Mention must be made of Michael Rodgers’ Curtained Moon, a release that shares with much of Guerra’s stuff that sense of a very relaxed and ventilated improvisation- this one literally recorded with windows tossed open, through which you may hear wind, chimes, street murmur and other framing ambient sounds that perfectly underscore how indelibly lonesome Curtained Moon sounds. It is like an audio journal of a very specific moment and mood [and malaise], Rodgers worrying guitar lines and skeins that frequently splinter and flare, fitfully stop and start, gain steam and as abruptly halt. It is almost unnervingly intimate, warts and flaws intact, and by its conclusion, beautifully enveloping. I needed multiple listens to get past the uncharacteristic raw spontaneity, the seemingly flubbed lines and abandoned ideas Rodgers seems to skitter through, as if, like this listener, he was distracted and derailed, but determined to make his guitar sing.

Lastly, a word about Green Blossoms, Guerra’s duo with vocalist and ukulele player Aiko Koga. Their release, Whiskey Leaves, is on the Digitalis label, the only one in this batch not on Black Petal. It is goofily bright, happy folk-pop, with simple, braided guitar, ukulele and percussion supporting Koga’s tuneful vocals. It sounds like something I could hear a few times and be done with, a pleasant confection for an occasional mood. Alas, I was hooked from the get, and have played Whiskey Leaves over and over, cheered especially by its presence in a clutch of releases that can dose you into a state of tener duende sufficient to paste you to your chair for a spell. I love this record and hope Guerra and Koga see fit to release another.

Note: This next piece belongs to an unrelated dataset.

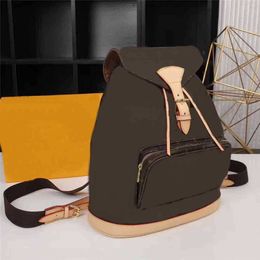 high quality Luxury Bags Women leathers backpack with Oxide skin Leather Totes outdoor bag messenger bag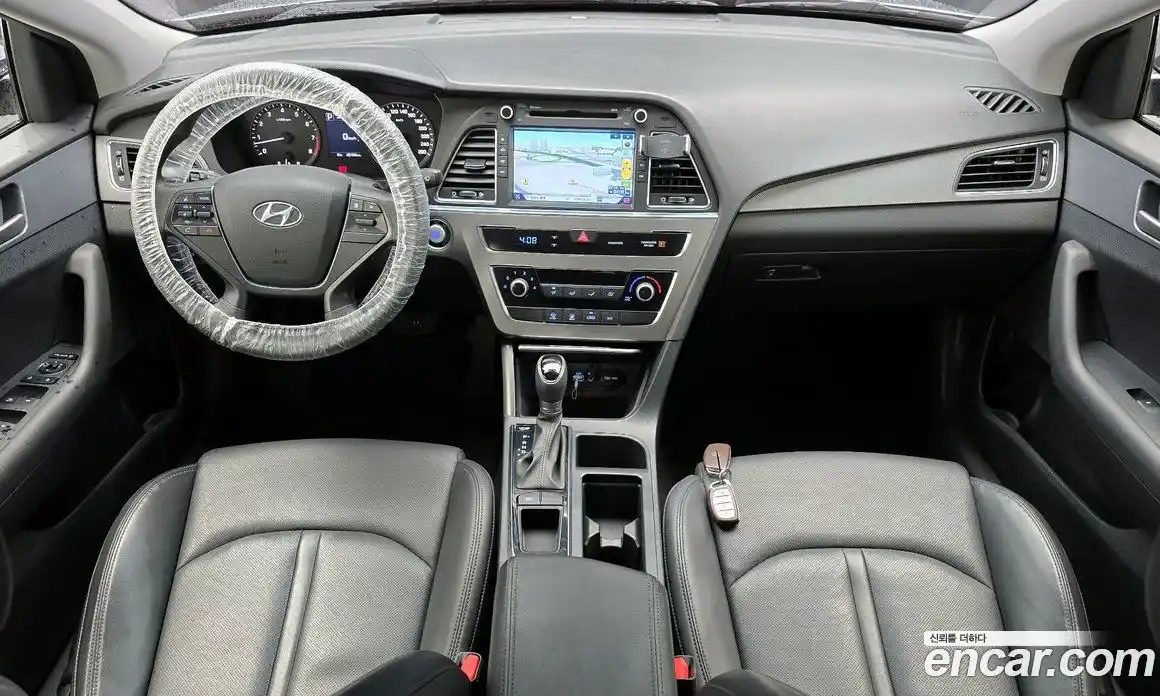 Hyundai Sonata 2016 2.0 Автомат в Москве № 47677, фото 3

The attention and acute eye Guerra brings to the Black Petal packaging is lovely, if a bit vexing. Each one is constructed of high quality paper stock, apposite graphics, and a design style akin to wabi sabi. The vexing aspect is getting the damn discs out of the beautiful packages. I sense Guerra may actually enjoy a bit the extraordinary attention the listener must bring to retrieving the disc for play.

It is a considerable haul from the desolation of Empty Kingdoms to the sprightly tunes of Whiskey Leaves, a trajectory that limns nicely Guerra’s musical sensibility and sound. He is consistently idiosyncratic, engagingly imprecise, and apparently allergic to flash and artifice. I suggest you dip into his sobering and dolorous sound world, holding Whiskey Leaves at the ready, medicine for whatever else troubles you.